I LOVE doing the big cubes blindfolded so much. It's such an intense high to get a good solve and also have it be a fast time. But the downside is that it's also such an intense low and sucks so bad when you make a stupid mistake like this at the very end of a 40 minute plus solve.



Chris


----------



## dougreed (May 18, 2006)

Wow. That sucks at a level I can only begin to comprehend.

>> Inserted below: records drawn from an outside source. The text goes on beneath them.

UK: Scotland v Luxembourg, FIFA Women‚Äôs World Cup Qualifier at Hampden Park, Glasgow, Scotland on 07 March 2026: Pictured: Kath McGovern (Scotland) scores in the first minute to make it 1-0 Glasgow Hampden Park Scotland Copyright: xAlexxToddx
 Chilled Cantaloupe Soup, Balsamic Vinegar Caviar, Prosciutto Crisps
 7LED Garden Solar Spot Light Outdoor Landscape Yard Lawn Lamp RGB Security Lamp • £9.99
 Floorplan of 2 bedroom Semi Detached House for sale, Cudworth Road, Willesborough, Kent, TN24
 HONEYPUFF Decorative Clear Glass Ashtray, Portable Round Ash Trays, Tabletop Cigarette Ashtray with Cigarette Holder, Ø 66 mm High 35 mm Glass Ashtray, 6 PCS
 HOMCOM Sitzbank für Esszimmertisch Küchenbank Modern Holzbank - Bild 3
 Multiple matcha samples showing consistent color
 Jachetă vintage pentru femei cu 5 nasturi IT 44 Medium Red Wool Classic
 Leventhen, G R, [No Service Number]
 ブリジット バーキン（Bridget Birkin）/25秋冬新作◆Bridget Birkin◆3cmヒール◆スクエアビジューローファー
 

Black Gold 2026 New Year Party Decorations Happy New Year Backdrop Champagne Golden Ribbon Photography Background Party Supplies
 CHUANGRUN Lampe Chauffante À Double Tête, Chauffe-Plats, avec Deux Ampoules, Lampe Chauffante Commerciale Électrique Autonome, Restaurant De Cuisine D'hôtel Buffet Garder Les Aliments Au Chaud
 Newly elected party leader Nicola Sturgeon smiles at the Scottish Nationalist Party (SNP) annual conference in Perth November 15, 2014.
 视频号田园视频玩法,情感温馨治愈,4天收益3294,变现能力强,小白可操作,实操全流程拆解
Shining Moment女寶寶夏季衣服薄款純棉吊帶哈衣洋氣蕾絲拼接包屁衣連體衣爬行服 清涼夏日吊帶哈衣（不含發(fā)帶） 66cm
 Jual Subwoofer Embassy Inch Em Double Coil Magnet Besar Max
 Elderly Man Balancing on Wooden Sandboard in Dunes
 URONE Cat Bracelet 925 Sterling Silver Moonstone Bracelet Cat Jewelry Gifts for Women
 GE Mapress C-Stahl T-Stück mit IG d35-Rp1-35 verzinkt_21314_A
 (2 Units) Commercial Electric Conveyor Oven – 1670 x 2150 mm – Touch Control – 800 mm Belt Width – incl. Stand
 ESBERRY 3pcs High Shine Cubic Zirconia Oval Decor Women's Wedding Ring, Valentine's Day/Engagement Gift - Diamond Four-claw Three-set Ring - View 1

But hey, look at the bright side. You got one slice turn away from solving the 5x5x5 blindfolded. 

My <censored> hero. 

-Doug


----------



## pjk (May 18, 2006)

That is still impressive.


----------



## pjgat09 (May 18, 2006)

As much as that sucks, it is about three million times better than I can do! Kepp it up!


----------



## Joël (May 19, 2006)

Oh, Chris!!

Yeah that really sucks... Tough luck..


----------



## krnballerzzz (May 28, 2006)

Ahhh! One slice! Thats a pain. And whoah! Around 40 minutes?! You improved by 15 minutes since the last time I saw you. You ROCK! 

Chris Hardwick: My cubing idol... cuz he owns so much


----------



## Tim Reynolds (Jun 28, 2006)

Would that count as DNF or +2? Unless I'm misinterpreting this, your M slice finished one quarter turn from solved. That would be a +2 in speedcubing, wouldn't it? Or is there no such thing as +2 in BLD?


----------



## Marcus (Aug 14, 2006)

It really sucks to get so close without finishing.

Off topic: Im really excited to see the rest of the blindfold tutorial on bigger cubes. How is it going?


----------



## Stefan (Aug 14, 2006)

> _Originally posted by Marcus_@Aug 14 2006, 07:12 PM
> *Off topic: Im really excited to see the rest of the blindfold tutorial on bigger cubes. How is it going?*



Are you the Marcus who can blindsolve the 4x4 even faster than Chris? If so, *you* should write a tutorial


----------



## Marcus (Aug 15, 2006)

No, unfourtanly I'm not. I'm only solving the 3x3x3 blindfolded. But I hope I could learn to solve the bigger cubes.


----------



## cubehead (Aug 25, 2006)

chris, i saw you break the world record for blindfold 5x5 in san fran. you're amazing, dude. give yourself a break.


----------